Ruhban devletinin inadı
İran’ı ne kadar tanıyoruz? Birçokları komşumuz hakkında ısmarlama gerçekleri tekrarlayıp dursalar da İran hakkında iyi bilinmeyen 3 gerçek herkesin kafasını karıştırıyor.
Bunlardan birincisi İran’ın ruhban sınıfı teokratik diktatörlüğü niteliğidir.
İkincisi nükleer projelerinin çok eski olduğudur.
Üçüncüsü de İran’ın büyük güçler tarafından hiçbir zaman tek başına ele alınmayıp komşularıyla aynı torbada değerlendirildiğidir.
BİRİNCİ GERÇEK: RUHBAN DEVLETİ
Minyatür Vatikan ve bağımsız olmayan Tibet hariç tutulursa dünyada bir ruhban sınıfı tarafından yönetilen tek ülke İran’dır.

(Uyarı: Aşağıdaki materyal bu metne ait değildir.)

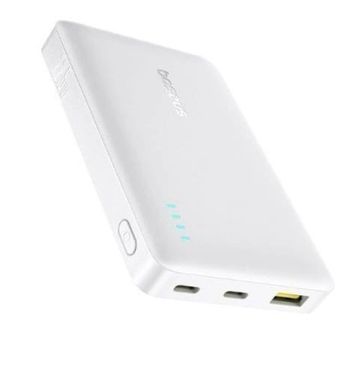 Power Bank Baseus 10000mAh 22.5W (P1008210D213-00) белый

İran’da sistem “Yüce Rehber” merkezlidir. Yüce Rehber başta dış politika olmak üzere tüm konularda asıl karar sahibidir. İran ideolojisi mehdi bekler ama o gelene kadar din adamlarının siyaseti yöneteceği ilkesini savunan Velayet-i Faki teorisini uygular. Bu teoriye göre bir Uzmanlar Meclisini oluşturan din adamları tarafından bir Yüce Rehber seçilir. Bu kural klasik Şia ilahiyatına değil Ayetullah Humeyni tarafından ortaya konan yeniliklere dayanmaktadır. Bir anlamda yeni dindir.

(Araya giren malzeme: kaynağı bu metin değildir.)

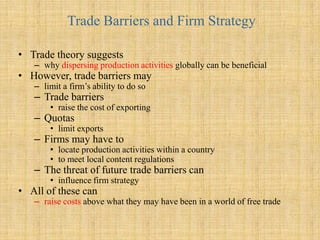 The Future of the WTO: Unresolved Issues and the Doha Round4. Market access for nonagricultural goods and servicesThe WTO would like to bring down tariff rates on nonagricultural goods and services, reduce the scope for the selective use of high tariff rates5. A new round of talks: DohaThe WTO launched a new round of talks in 2001 to focus on cutting tariffs on industrial goods and servicesphasing out subsidies to agricultural producersreducing barriers to cross-border investmentlimiting the use of anti-dumping laws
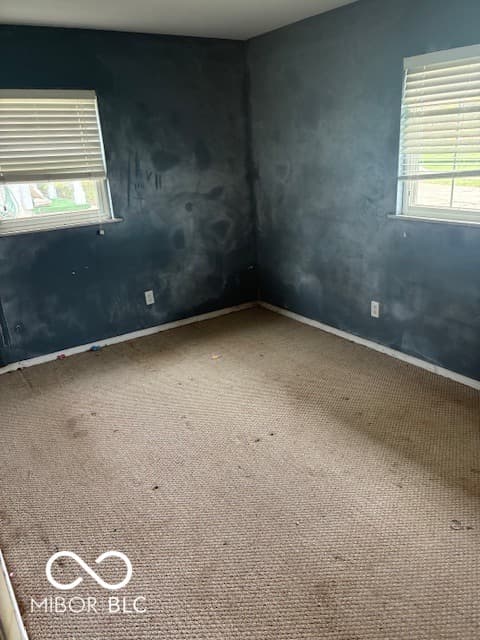 Bedroom at 34 Green Hill Court, Huntington, IN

İran’da silahlı kuvvetleri kontrol eden ve güvenlik, savunma ve dış politika konularında karar alan kişi Cumhurbaşkanı değil Yüce Rehberdir. Yargının başını, güçlü Muhafız Konseyi'nin altı üyesini, silahlı kuvvetlerin komutanlarını, Cuma namazı imamlarını ve radyo ve televizyon kanalının yöneticisini atama yetkisine de sahiptir. Ayrıca cumhurbaşkanının seçimini de onaylar. Bugün Pezeşkiyan’ın doldurduğu Cumhurbaşkanlığı koltuğu uygulama ile uğraşan bir “sınırlı başbakanlık” gibidir.
Ali Hamaney, 1981'den 1989'a kadar Cumhurbaşkanlığı yapmıştır ve kurucu lider Humeyni’nin öldüğü 1989'dan beri Yüce Rehberdir. 4 Afrikalı liderden sonra dünyanın en eski 5’inci lideridir.
İran’da pratikte önemli bir iktidar odağı da silahlı kuvvetlerdir. Ancak İran’da ordunun yanında Nazi Almanyası’ndaki SS Birlikleri gibi bir Devrim Muhafızları Ordusu (Pasdaran) vardır. Orduların ve Devrim Muhafızlarının başlıca komutanları Yüce Rehber tarafından atanır ve sadece ona rapor verirler. Devrim Muhafızları 1979 devriminden sonra devrime karşı olanlarla mücadele etmek amacıyla kurulmuş aşırı ideolojik bir yapılanmadır.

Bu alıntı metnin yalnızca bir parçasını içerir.